Humphrey smiled faintly. "That's all," he said.

"What do you want to do?"

Here was an amazing question for which he was totally unprepared. It had never occurred to him that he would be asked to make his choice. His eyes wandered to the buttons.... What did he want to do? He made an answer that sounded futile and foolish to him.

"I want to get on," he stammered, hesitatingly, with a picture of his aunt rising mentally before him.

Ferrol's eyes twinkled. It was a magic answer if Humphrey had but known. Most of the others he saw[51] wanted to do descriptive writing, they had literary kinks in them, or wanted to have roving commissions abroad.... None of them wanted to start at the bottom.

"Well, this is the place for young men who want to get on, you know," said Ferrol. "It's hard work...." He turned away and consulted some papers. "I think I'll give you a chance," he said.

The clock struck twelve, and it sounded to Humphrey that a chime of joy-bells had flooded the room with triumphant music.

"When can you start?" Ferrol asked.

"Next week," Humphrey said.

"You can start at three pounds a week." Ferrol pressed a button. Trinder appeared. "Ask Mr Rivers if he can come," said Ferrol.

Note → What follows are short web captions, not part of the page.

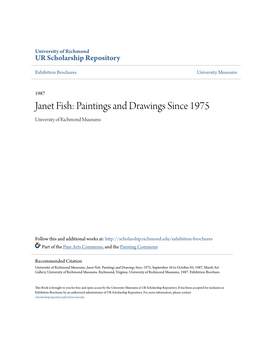 Janet Fish: Paintings and Drawings Since 1975 University of Richmond Museums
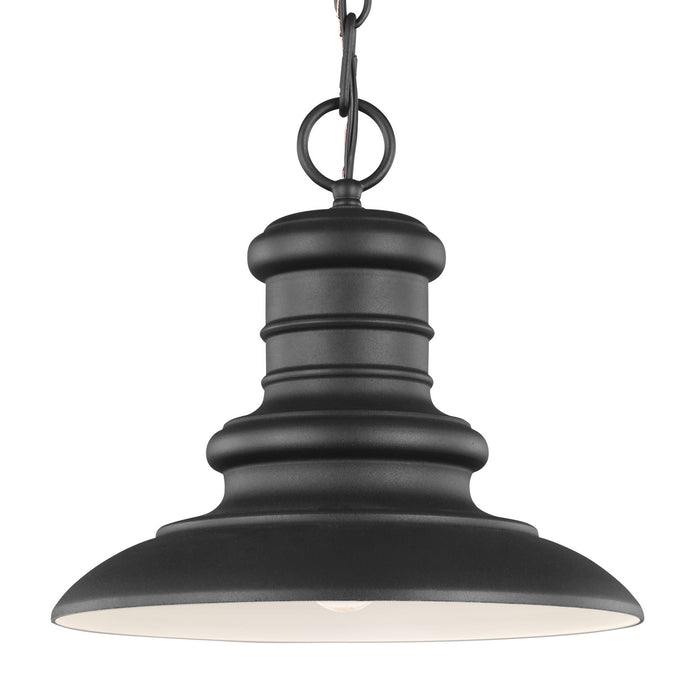 Generation Lighting OL8904TXB One Light Outdoor Pendant, Textured Black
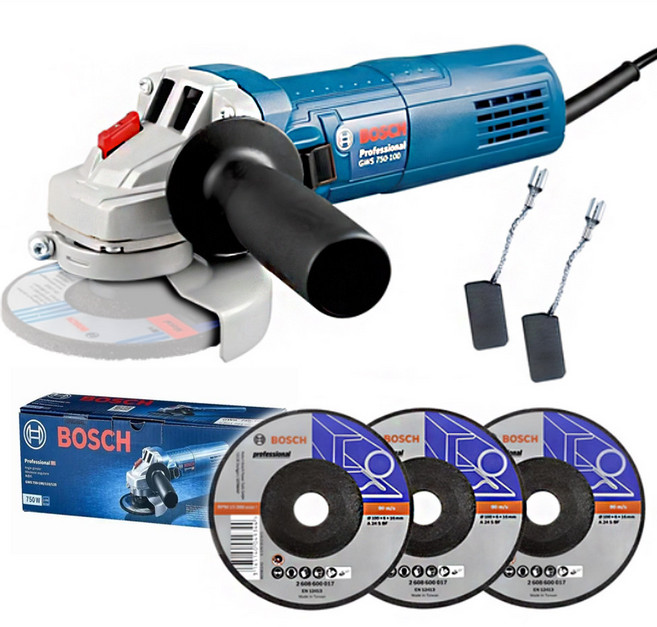 보쉬 정품 4인치 핸드 그라인더 GWS750-100, 1개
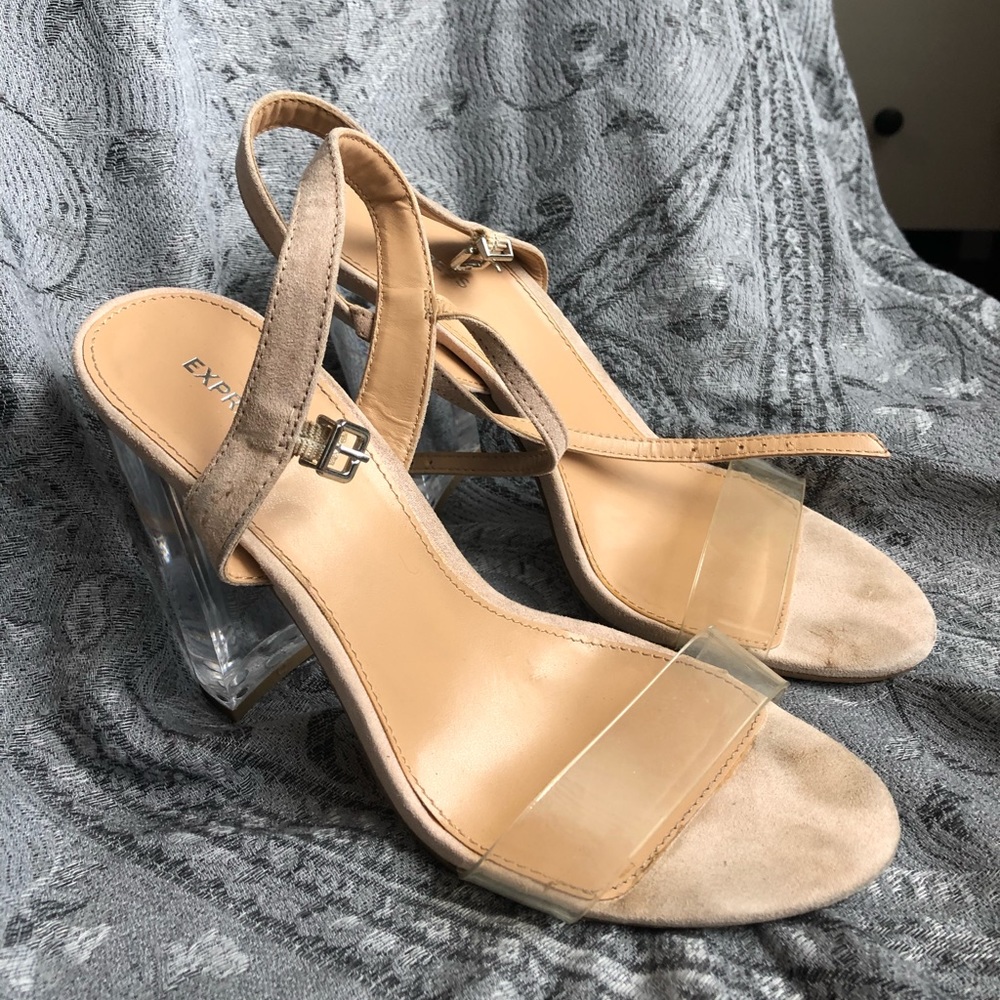 Express Clear/Nude Heel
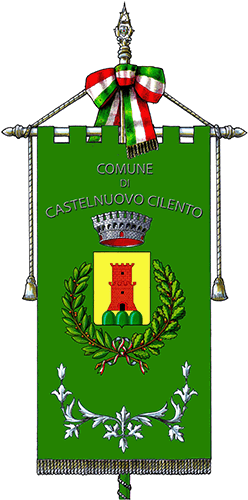 Fișier:Castelnuovo Cilento-Gonfalone.png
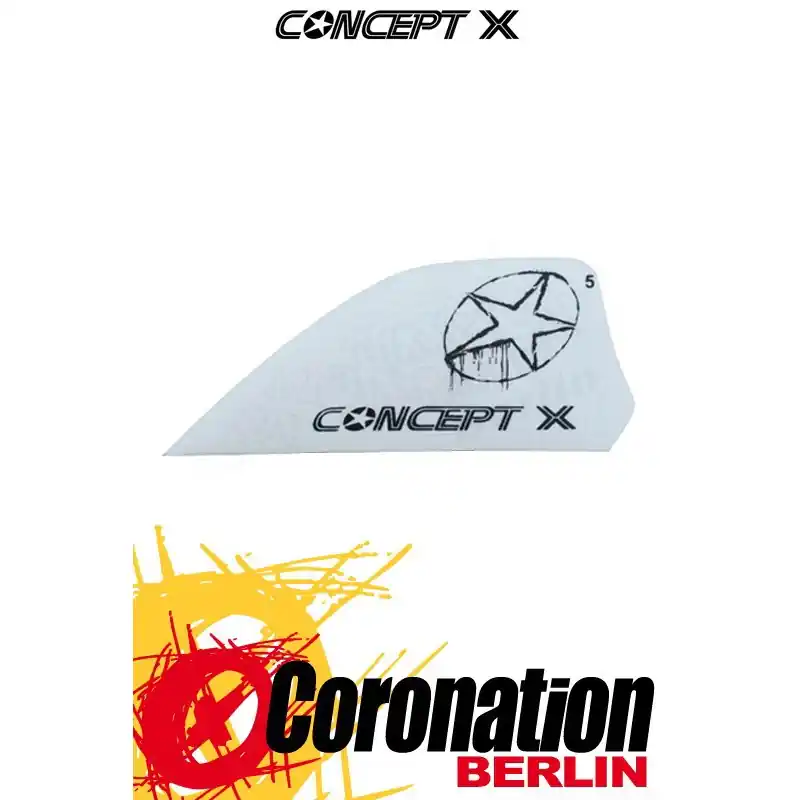 Concept-X HC 5cm Kite Fin White Neuheit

Humphrey thought only of three pounds a week ... three pounds!

"I'll put you on the reporting staff," Ferrol remarked. Then he smiled. "We'll see how you get on...." There was a pause. (Three pounds a week! Three pounds a week!)

He looked up as the door opened and saw an extraordinarily virile-looking person come into the room—a man with the face of a refined pugilist, with large square-shaped hands and an expression of impish perkiness in his eyes.

"Come in, Rivers," said Ferrol. "This is Mr Quain."

Mr Rivers shook his hand with an air of polite restraint. "Mr Rivers is our News Editor," explained Ferrol, and then to Rivers, "I have engaged Mr Quain for a trial month, Rivers."

Rivers smiled whimsically. "You're not a genius, I hope," he said to Humphrey. The spirit of humour that flashed across Rivers's face, twinkling his eyes and the[52] corners of his mouth and dimpling his cheeks, made Humphrey laugh a negative reply.

"That's all right," said Rivers, his face so creased in smiles until his beady eyes threatened to disappear altogether. "The last genius we had," he said, with a nod to Ferrol, "let us down horribly on the Bermondsey murder story."

The telephone bell rang. "I'll see him now," said Ferrol through the telephone, and Humphrey took that as a signal that the interview was ended. Ferrol shook hands with him, and once more he felt himself the target of those steel-grey eyes that held in them the stern remorselessness of strength.

"Good-looking young man," said Rivers, as the door closed behind Humphrey. "Hope he'll shape all right."

"I hope so," Ferrol echoed.... And he was glad that Rivers had praised Humphrey, for he was pleased with the upright, manly bearing of the lad, the quick intelligence of the face, and he had noticed the frank eyes, the smooth skin and the dark hair that had belonged in the lost years to Margaret.